Comptes rendus Norma hors norme à Bruxelles
Comptes rendus

Norma hors norme à Bruxelles

29/12/2021

La Monnaie, 14 décembre

La Norma de Christophe Coppens est une femme d’aujourd’hui, égérie d’une communauté de marginaux extrémistes et violents, repliée sur elle-même et sur sa révolte, dont l’enfermement se traduit par ces hauts murs de béton, dans lesquels se déroule l’essentiel de l’action. Quand Norma retrouve Pollione, au premier acte, c’est dans un petit café au plafond bas ; et quand elle s’apprête à tuer ses enfants, au second, c’est dans une sorte de train fantomatique qui traverse des paysages abstraits, dont les variations semblent le reflet de sa psyché tourmentée.

À ce décor aux transformations spectaculaires, le metteur en scène belge ajoute de vieilles voitures, tout droit sorties d’une casse : une Coccinelle, dans laquelle semble vivre Pollione ; un coupé qui descend lentement des cintres, pendant « Casta diva » ; le même qui, repêché des dessous dans une version « molle », s’élèvera vers les cintres, comme une sorte d’étrange cétacé mort, symbolisant la défaite de Norma…

Adalgisa et Pollione se rencontrent dans un parking, et le trio du premier acte s’achève avec l’apparition d’une grande compression mobile suspendue, dans laquelle les amants sont embarqués, équivalent de la violence visuelle de leurs échanges. Au final, c’est dans une automobile, bien sûr, que finira brûlé le couple déviant.

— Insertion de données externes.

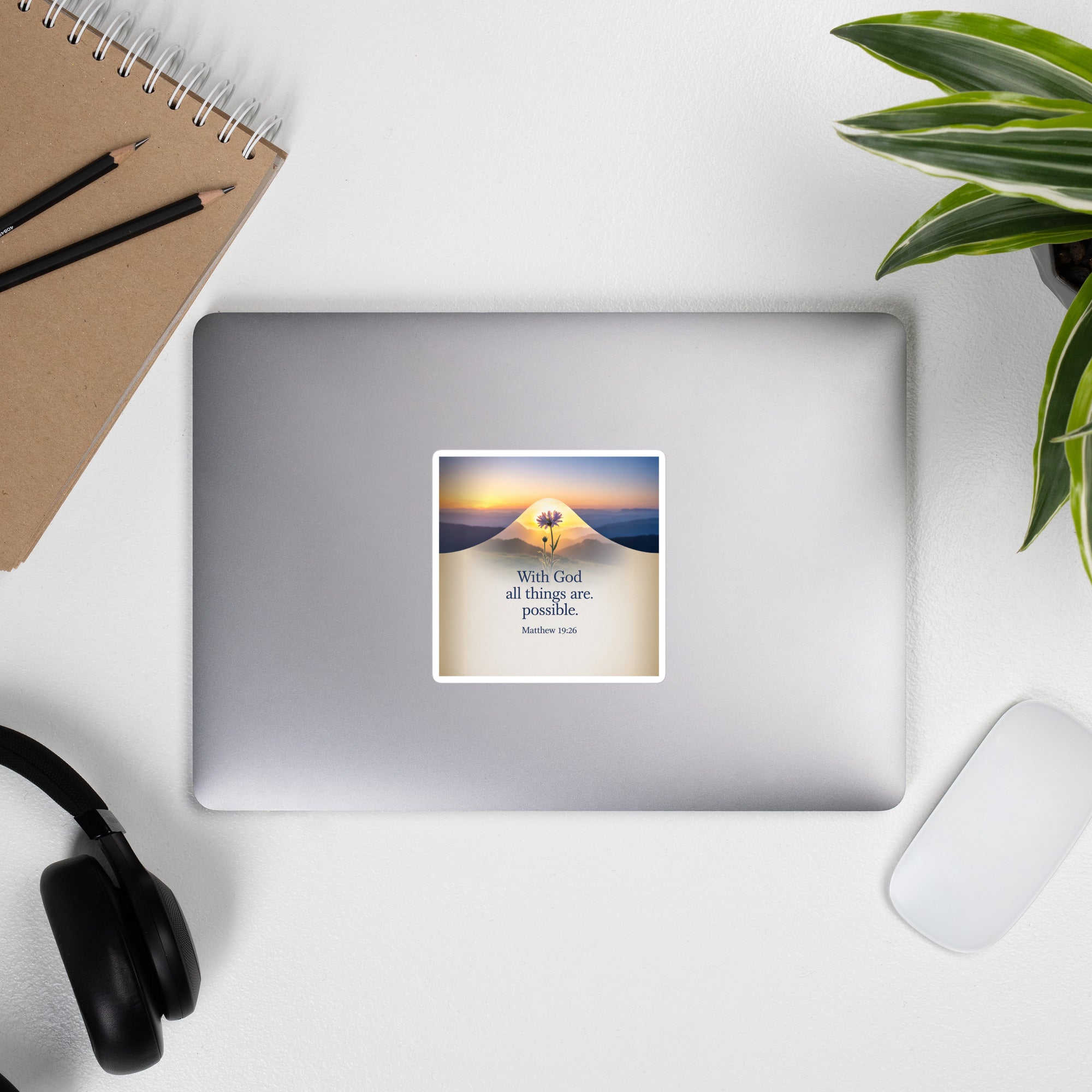 Matthew 19:26 Bible Verse at them Kiss-Cut Sticker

À ces personnages ordinaires et plongés dans la grisaille d’un quotidien sans joie (n’était une bataille de boules de neige, au moment du serment d’amitié entre les deux femmes), la direction d’acteurs et les costumes banals donnent une réalité qui nous les rend familiers et proches, d’autant que cette vision résolument contemporaine est servie par une distribution qui s’y intègre avec évidence.

Sally Matthews n’est pas exactement une belcantiste, mais si la cantilène de son air d’entrée laisse une impression mitigée, faute d’un médium plus développé ou d’un plus beau timbre, elle s’engage jusqu’à la limite de ses moyens dans les aspects dramatiques de Norma et en dompte toutes les difficultés, dessinant un portrait d’une grande force de la femme trahie.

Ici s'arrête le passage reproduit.